Work order: What's needed is an exact copy of the lines from the one that contains "Avenue | Greenpoint" to the end of the data below, leaving the pictures out.

(Record excerpts begins)

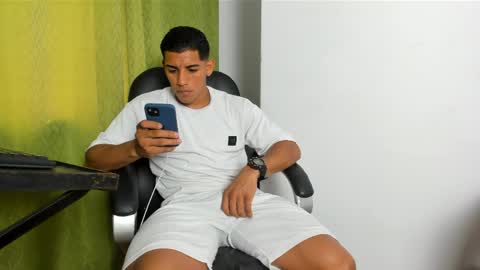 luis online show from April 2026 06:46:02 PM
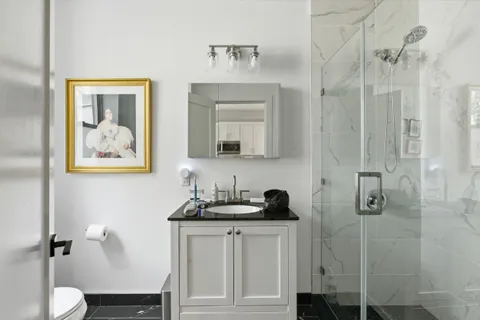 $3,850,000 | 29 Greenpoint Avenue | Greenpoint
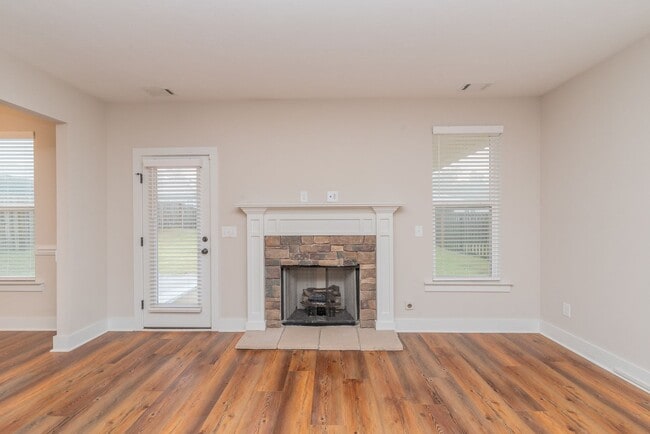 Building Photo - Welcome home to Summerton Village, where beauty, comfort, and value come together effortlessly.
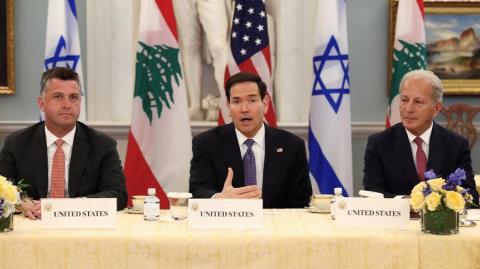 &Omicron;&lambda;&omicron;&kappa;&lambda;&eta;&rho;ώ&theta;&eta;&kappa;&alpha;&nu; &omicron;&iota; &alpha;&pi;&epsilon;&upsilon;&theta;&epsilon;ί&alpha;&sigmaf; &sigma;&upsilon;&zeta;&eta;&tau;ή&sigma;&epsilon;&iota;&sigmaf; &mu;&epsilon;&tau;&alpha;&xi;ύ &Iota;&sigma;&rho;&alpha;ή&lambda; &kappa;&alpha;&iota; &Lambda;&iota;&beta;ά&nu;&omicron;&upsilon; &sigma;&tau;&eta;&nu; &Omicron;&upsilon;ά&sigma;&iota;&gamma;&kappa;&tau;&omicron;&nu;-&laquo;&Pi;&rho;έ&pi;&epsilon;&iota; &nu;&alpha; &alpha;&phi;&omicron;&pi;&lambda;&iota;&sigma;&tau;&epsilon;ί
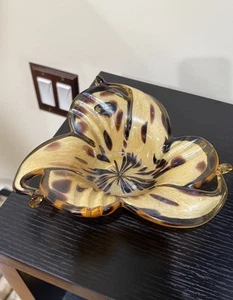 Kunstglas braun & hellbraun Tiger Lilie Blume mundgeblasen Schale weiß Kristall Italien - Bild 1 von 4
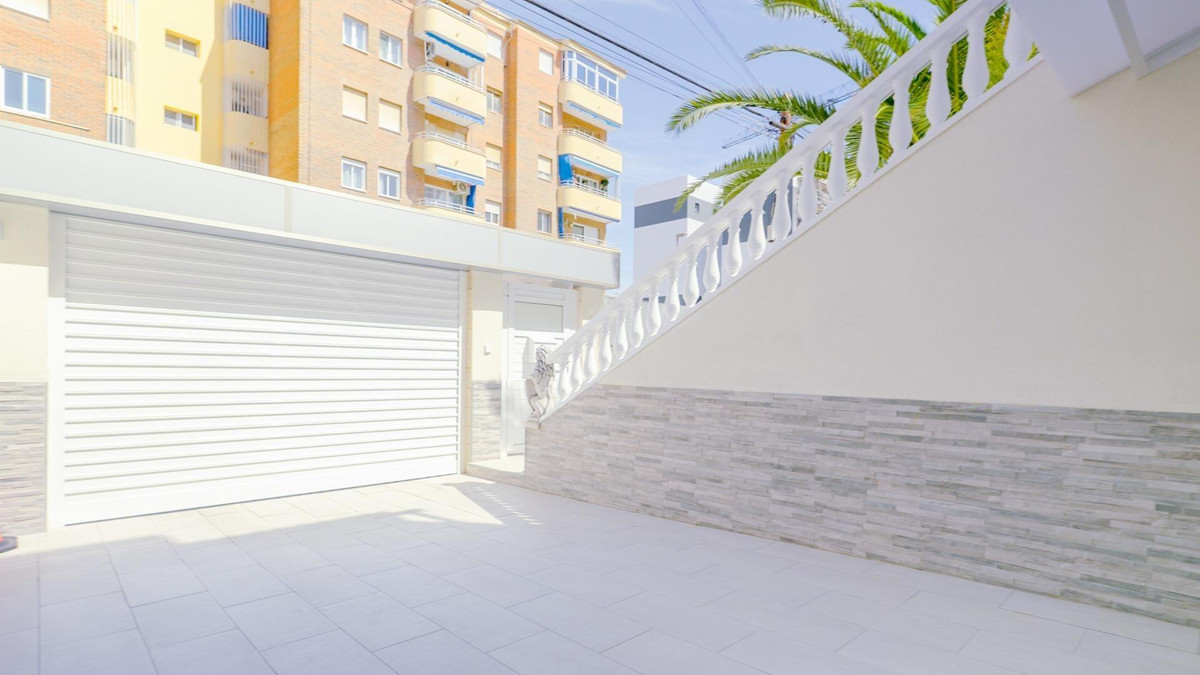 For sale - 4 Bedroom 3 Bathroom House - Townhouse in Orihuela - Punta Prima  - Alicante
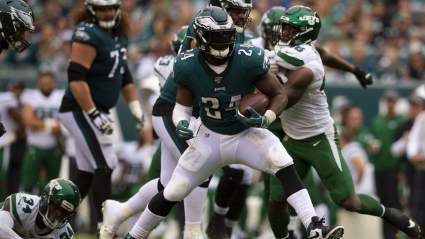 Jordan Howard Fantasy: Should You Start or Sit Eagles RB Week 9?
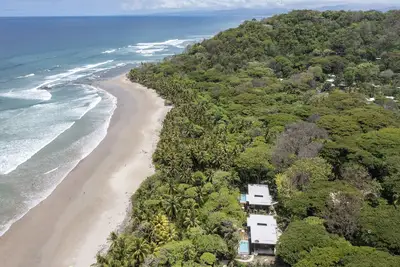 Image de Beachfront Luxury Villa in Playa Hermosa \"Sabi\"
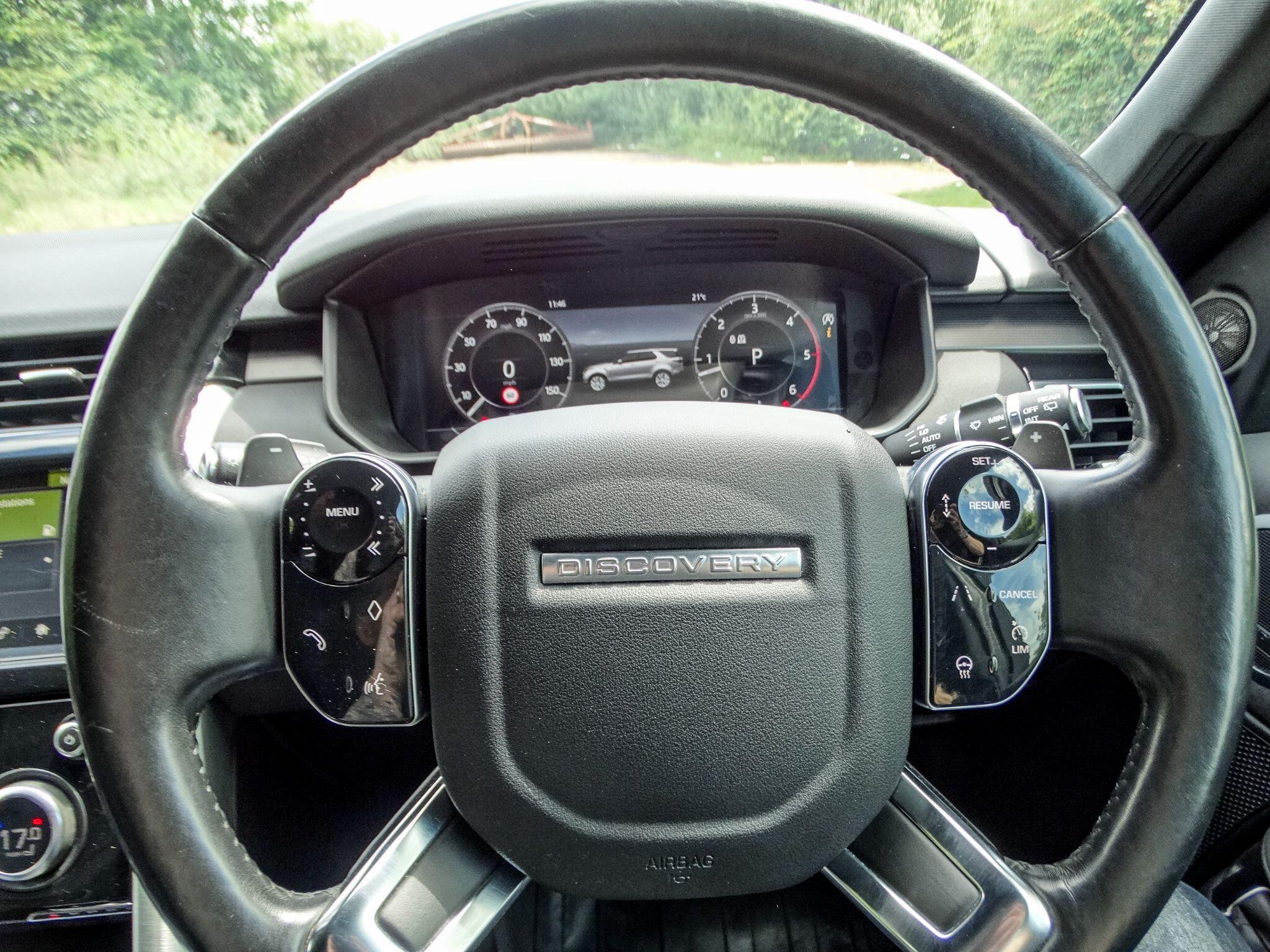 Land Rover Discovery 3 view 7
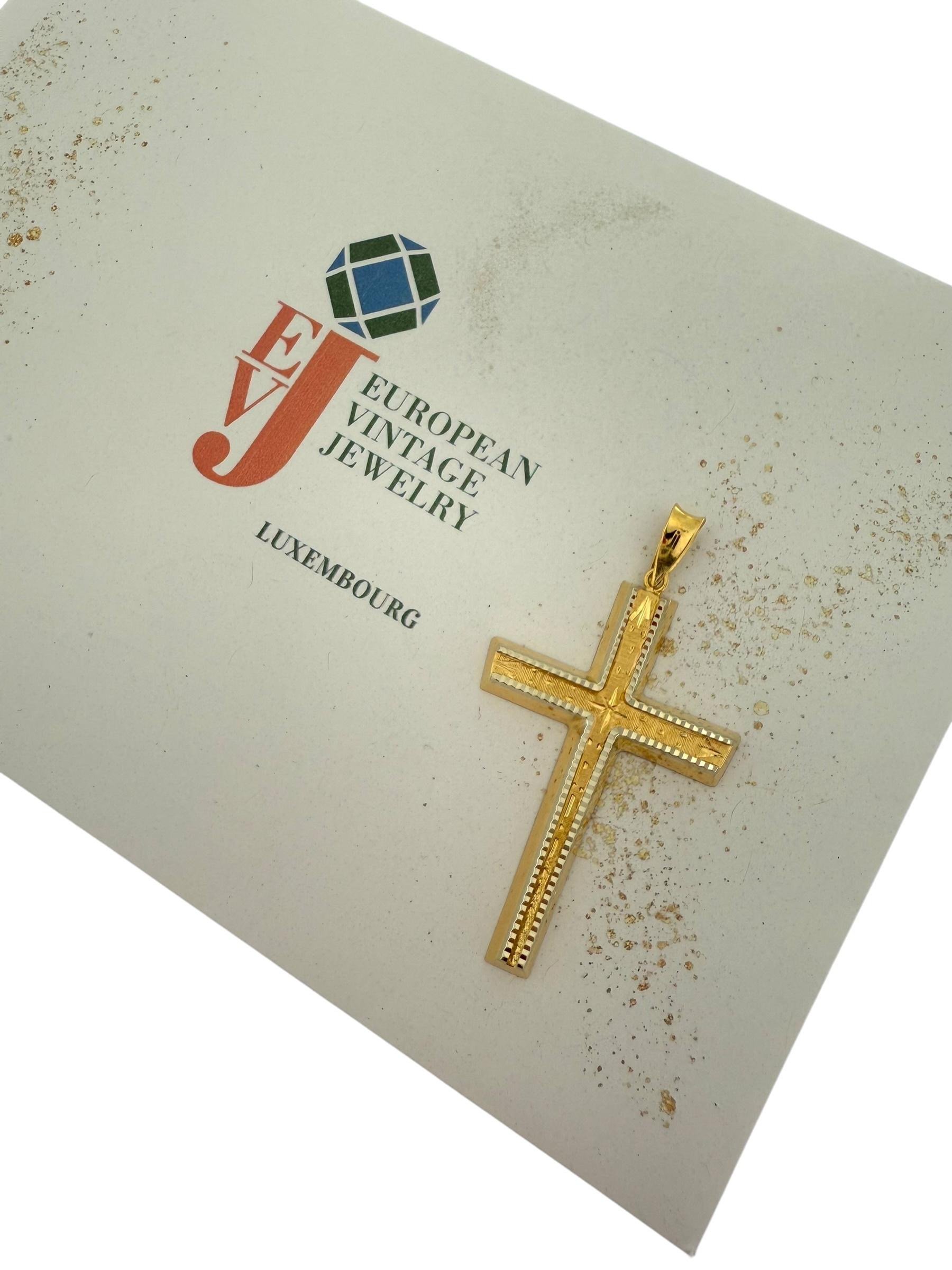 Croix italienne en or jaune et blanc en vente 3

(Record excerpts ends)

Solution for this task:
 $3,850,000 | 29 Greenpoint Avenue | Greenpoint
 Building Photo - Welcome home to Summerton Village, where beauty, comfort, and value come together effortlessly.
 &Omicron;&lambda;&omicron;&kappa;&lambda;&eta;&rho;ώ&theta;&eta;&kappa;&alpha;&nu; &omicron;&iota; &alpha;&pi;&epsilon;&upsilon;&theta;&epsilon;ί&alpha;&sigmaf; &sigma;&upsilon;&zeta;&eta;&tau;ή&sigma;&epsilon;&iota;&sigmaf; &mu;&epsilon;&tau;&alpha;&xi;ύ &Iota;&sigma;&rho;&alpha;ή&lambda; &kappa;&alpha;&iota; &Lambda;&iota;&beta;ά&nu;&omicron;&upsilon; &sigma;&tau;&eta;&nu; &Omicron;&upsilon;ά&sigma;&iota;&gamma;&kappa;&tau;&omicron;&nu;-&laquo;&Pi;&rho;έ&pi;&epsilon;&iota; &nu;&alpha; &alpha;&phi;&omicron;&pi;&lambda;&iota;&sigma;&tau;&epsilon;ί
 Kunstglas braun & hellbraun Tiger Lilie Blume mundgeblasen Schale weiß Kristall Italien - Bild 1 von 4
 For sale - 4 Bedroom 3 Bathroom House - Townhouse in Orihuela - Punta Prima  - Alicante
 Jordan Howard Fantasy: Should You Start or Sit Eagles RB Week 9?
 Image de Beachfront Luxury Villa in Playa Hermosa \"Sabi\"
 Land Rover Discovery 3 view 7
 Croix italienne en or jaune et blanc en vente 3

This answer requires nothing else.